On another occasion a colleague and I were both mid-level managers reporting to the same boss. A tacit competition was on for the senior job. My group could tout consistent, superior efficiency and hard work. My colleague, however, was able to cozy up to the boss by becoming his avid golf and drinking buddy. Soon I was no longer in the in-group. Our mutual disaffection spoiled opportunities where we need to work together. In the end I left the company for other opportunities. I suffered defeat because I wanted to win.

On yet another occasion, as the new CFO of the firm, I came to the unpleasant realization that the CEO was engaging in deceptive business practices to boost corporate performance and to lure prospective investors. My objection to the practices elicited harsh rebukes from the CEO. The cordial friendship soon deteriorated into frequent caustic encounters. I loathed heading to work every morning and would avoid at all cost meeting the CEO in the office, which of course was impossible since we were the top two executives in the firm. The constant conflicts took a heavy toll on both of us, but to me in particular because I knew “tic for tac” is not God’s recipe for mending broken relationships or winning over enemies. In the end I surrendered the fight. I suffered defeat because I wanted to win.

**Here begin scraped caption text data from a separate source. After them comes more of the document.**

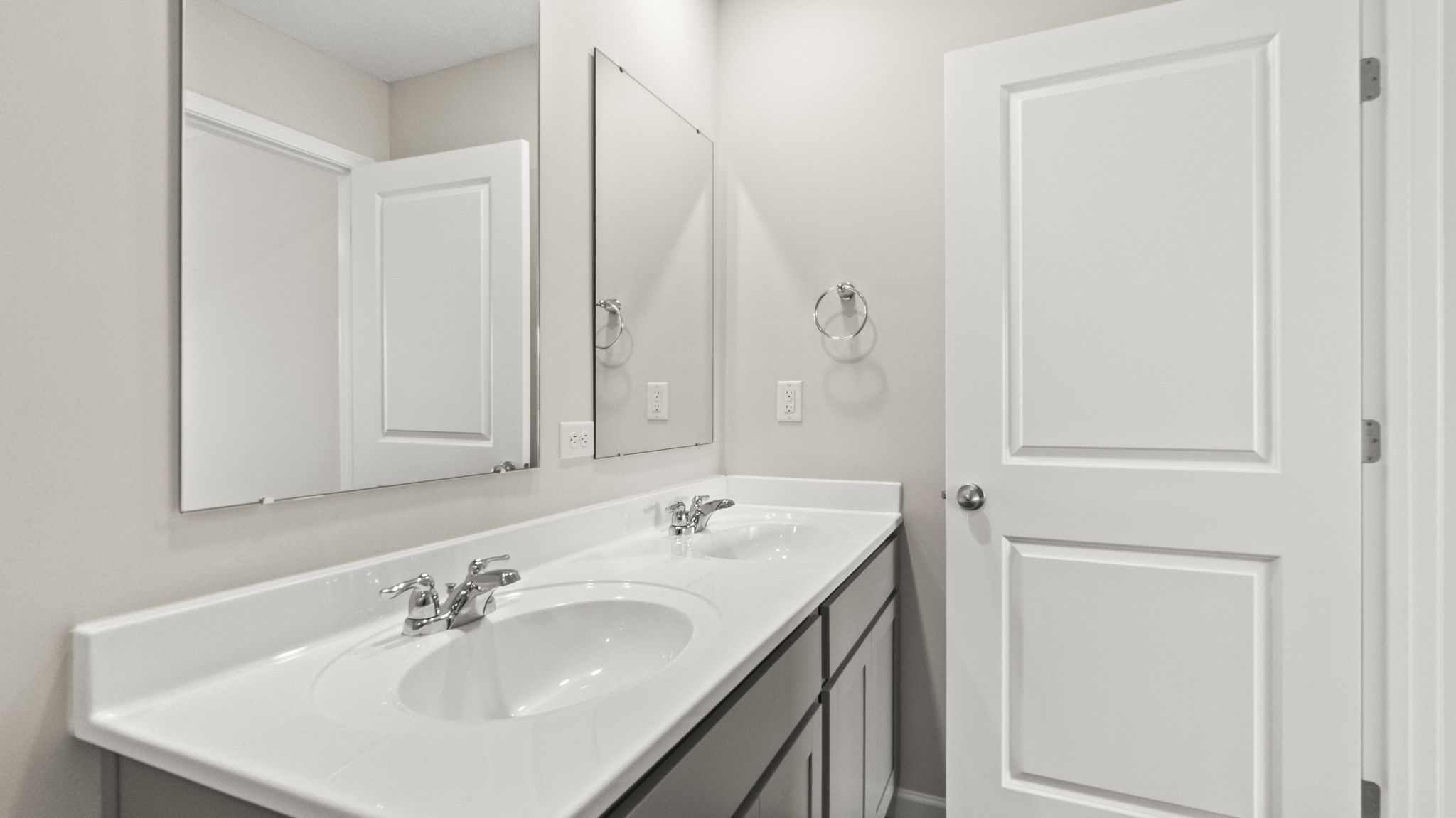 Closeup of dual-sink vanity with mirrors and door to primary bedroom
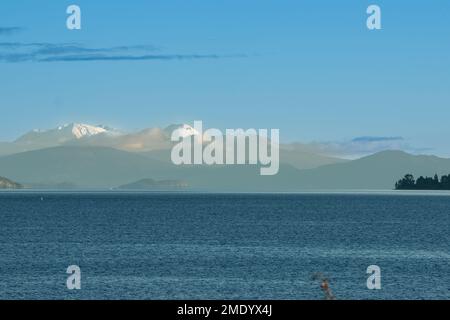 Vue sur le lac Taupo avec les montagnes enneigées du parc national de Tongariro à distance. Banque D'Images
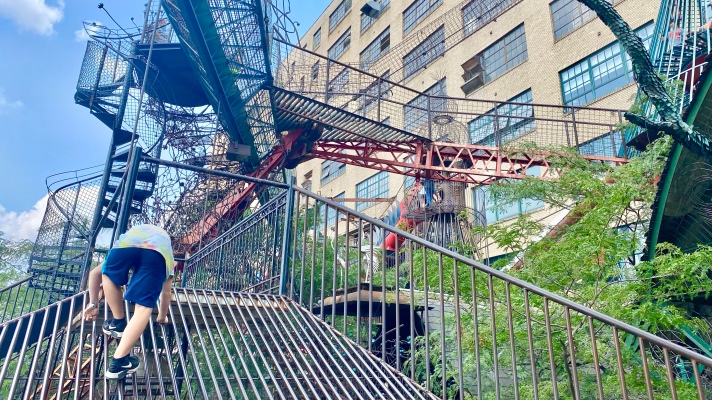 boy Climbing up a metal slide in the Outside play area of the City Museum in St. Louis, Missouri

God gives us unpleasant experiences often to teach us His way of handling human relationships. When I became the sector CFO of a major multinational business I reported to the sector CEO on a dotted line basis. When I attended the CEO’s very first staff meeting I felt publicly humiliated as he openly questioned my mission and vowed to not cooperate with my efforts. For more than a month I was deeply depressed as my success greatly depended on the support of the CEO and his direct reports. Instead of sulking over certain defeat, I decided to take a humbling approach. Over the next 12 months I worked extra hard to win over the trust of the CEO and his staff by painstakingly building personal friendship and offering unconditional help and support for their missions. I took their success and failures as my own. In return for their sometimes harsh rejections, I piled on kindness and encouragement, pledging assistance from me and my staff for their critical missions. When I left the firm two years later, the entire senior management team had become my very best friends.

The Scripture has a timeless advice for all who face difficult relationships in the marketplace. “Do nothing from selfishness or empty conceit, but with humility of mind regard one another as more important than yourselves; do not merely look out for your own personal interests, but also for the interests of others” (Phil. 2:3-4). The biblical wisdom of returning kindness for hostility often unwittingly dismantles your enemies’ defenses and appeals to his or her conscience. To receive kindness, to experience love when it seems uncalled for, can melt the hardest heart. This, as Paul points out, is like “heaping coal” on your enemy’s head (Rom 12:20). This is undoubtedly the “win-win” solution to difficult personnel conflicts in any business career.